In a move that could potentially affect millions of American businesses and individuals alike, Congress is allowing billions of dollars in tax breaks to expire at the end of the year – and no one really knows why.
According to the Associated Press, Congress lets this set of 55 popular tax breaks expire almost every year, only to ultimately renew them retroactively so that Americans can still benefit when their tax returns are filed.
Since these policies were in effect for 2013, that means Congress has another year to renew the tax breaks for 2014. To those who see endless gridlock in Washington, though, there’s no guarantee that Democrats and Republicans will always get together to extend the benefits. If Congress decides to change the eligibility requirements for some breaks or outright cancels others, the move could have serious consequences.
"It's a totally ridiculous way to run our tax system," Rachelle Bernstein, vice president and tax counsel for the National Retail Federation, told the AP. "It's impossible to plan when every year this happens, but yet business has gotten used to that."
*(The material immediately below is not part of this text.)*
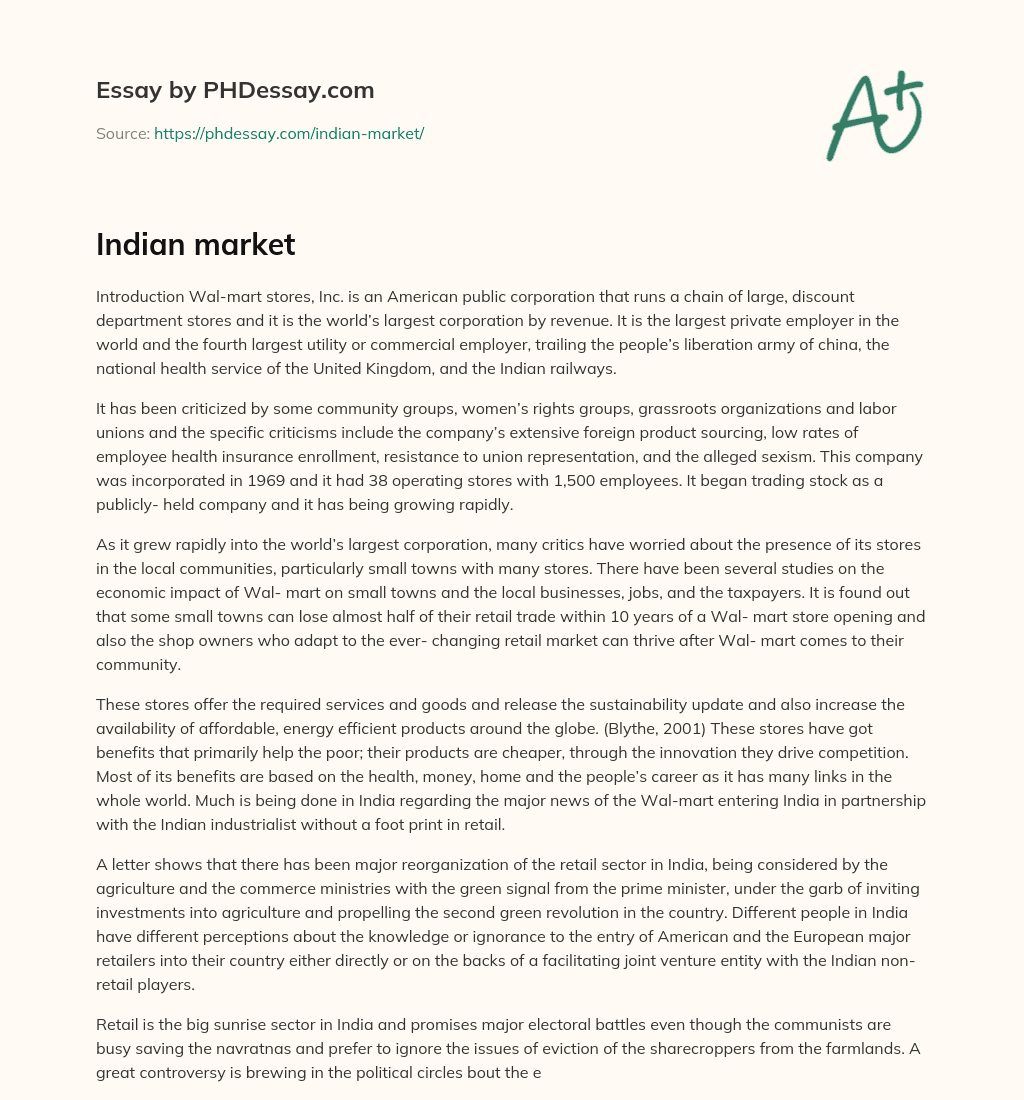 Indian market essay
The expiring tax breaks range from those worth billions of dollars, like credits for companies investing in research and development, to smaller exemptions for teachers who purchase classroom supplies with their own cash. Still others benefit college students and those investing in renewable energy.
According to Rep. John Lewis (D-Georgia), who serves on the House of Representatives Ways and Means Committee in charge of tax policy, Congress’ inability to routinely extend these tax breaks is a “shameful” situation.
"It's not fair, it's very hard, it's very difficult for a business person, a company, to plan, not just for the short term but to do long-term planning," he said to the AP.
Even when Congress does renew the breaks, it’s only for a year or two at a time. Some believe lawmakers are wary when it comes to authorizing long-term extensions because making them permanent could add $400 billion or more to the country’s budget deficit. Others, however, see more suspicious politicking at play.
"More cynically, some people say, if you just put it in for a year or two, then that keeps the lobbyists having to come back and wine-and-dine the congressmen to get it extended again, and maybe make some campaign contributions," said Mark Luscombe, principal tax analyst for CCH, an Illinois-based consulting firm.
As lawmakers debate an extension, attempts to fold the debate into a larger conversation involving comprehensive tax reform are struggling to gain traction. Negotiations between the House and Senate have centered on reducing tax breaks and using the revenue generated to then lower tax rates across the board. Barring some sort of breakthrough, however, businesses and individuals could simply find themselves waiting to see if Congress comes through at the last minute – again.